─── Data supplied

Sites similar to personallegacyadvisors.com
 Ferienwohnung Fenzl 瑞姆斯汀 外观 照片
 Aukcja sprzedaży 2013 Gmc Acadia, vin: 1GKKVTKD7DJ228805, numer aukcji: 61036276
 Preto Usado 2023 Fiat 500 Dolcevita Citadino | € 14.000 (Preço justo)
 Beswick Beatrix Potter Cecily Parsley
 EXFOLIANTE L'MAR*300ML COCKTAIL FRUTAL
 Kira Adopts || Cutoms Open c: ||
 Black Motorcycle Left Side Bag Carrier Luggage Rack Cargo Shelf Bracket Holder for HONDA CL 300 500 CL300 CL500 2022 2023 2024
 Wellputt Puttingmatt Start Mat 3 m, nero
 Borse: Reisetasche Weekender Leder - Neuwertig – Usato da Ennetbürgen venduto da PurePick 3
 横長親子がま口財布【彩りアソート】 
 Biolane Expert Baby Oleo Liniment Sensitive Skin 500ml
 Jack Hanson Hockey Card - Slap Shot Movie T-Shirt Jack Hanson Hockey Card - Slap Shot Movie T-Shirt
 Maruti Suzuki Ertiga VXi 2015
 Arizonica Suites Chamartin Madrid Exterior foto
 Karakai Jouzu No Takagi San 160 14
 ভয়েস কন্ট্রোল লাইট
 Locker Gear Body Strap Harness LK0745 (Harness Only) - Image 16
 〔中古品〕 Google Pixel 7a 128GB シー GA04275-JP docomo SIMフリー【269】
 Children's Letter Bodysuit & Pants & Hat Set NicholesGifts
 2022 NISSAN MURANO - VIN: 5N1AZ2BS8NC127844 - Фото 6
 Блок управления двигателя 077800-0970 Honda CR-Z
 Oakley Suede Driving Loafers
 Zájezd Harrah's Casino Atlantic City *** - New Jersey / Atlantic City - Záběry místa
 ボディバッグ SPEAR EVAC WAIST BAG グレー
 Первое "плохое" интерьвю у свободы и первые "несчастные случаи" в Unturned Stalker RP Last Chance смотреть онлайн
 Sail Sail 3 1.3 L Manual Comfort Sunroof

──────

What you should do>
Retype exactly. Start at the line with "Beswick Beatrix Potter Cecily Parsley" and stop at the last line of the data.

Written solution>
 Beswick Beatrix Potter Cecily Parsley
 EXFOLIANTE L'MAR*300ML COCKTAIL FRUTAL
 Kira Adopts || Cutoms Open c: ||
 Black Motorcycle Left Side Bag Carrier Luggage Rack Cargo Shelf Bracket Holder for HONDA CL 300 500 CL300 CL500 2022 2023 2024
 Wellputt Puttingmatt Start Mat 3 m, nero
 Borse: Reisetasche Weekender Leder - Neuwertig – Usato da Ennetbürgen venduto da PurePick 3
 横長親子がま口財布【彩りアソート】 
 Biolane Expert Baby Oleo Liniment Sensitive Skin 500ml
 Jack Hanson Hockey Card - Slap Shot Movie T-Shirt Jack Hanson Hockey Card - Slap Shot Movie T-Shirt
 Maruti Suzuki Ertiga VXi 2015
 Arizonica Suites Chamartin Madrid Exterior foto
 Karakai Jouzu No Takagi San 160 14
 ভয়েস কন্ট্রোল লাইট
 Locker Gear Body Strap Harness LK0745 (Harness Only) - Image 16
 〔中古品〕 Google Pixel 7a 128GB シー GA04275-JP docomo SIMフリー【269】
 Children's Letter Bodysuit & Pants & Hat Set NicholesGifts
 2022 NISSAN MURANO - VIN: 5N1AZ2BS8NC127844 - Фото 6
 Блок управления двигателя 077800-0970 Honda CR-Z
 Oakley Suede Driving Loafers
 Zájezd Harrah's Casino Atlantic City *** - New Jersey / Atlantic City - Záběry místa
 ボディバッグ SPEAR EVAC WAIST BAG グレー
 Первое "плохое" интерьвю у свободы и первые "несчастные случаи" в Unturned Stalker RP Last Chance смотреть онлайн
 Sail Sail 3 1.3 L Manual Comfort Sunroof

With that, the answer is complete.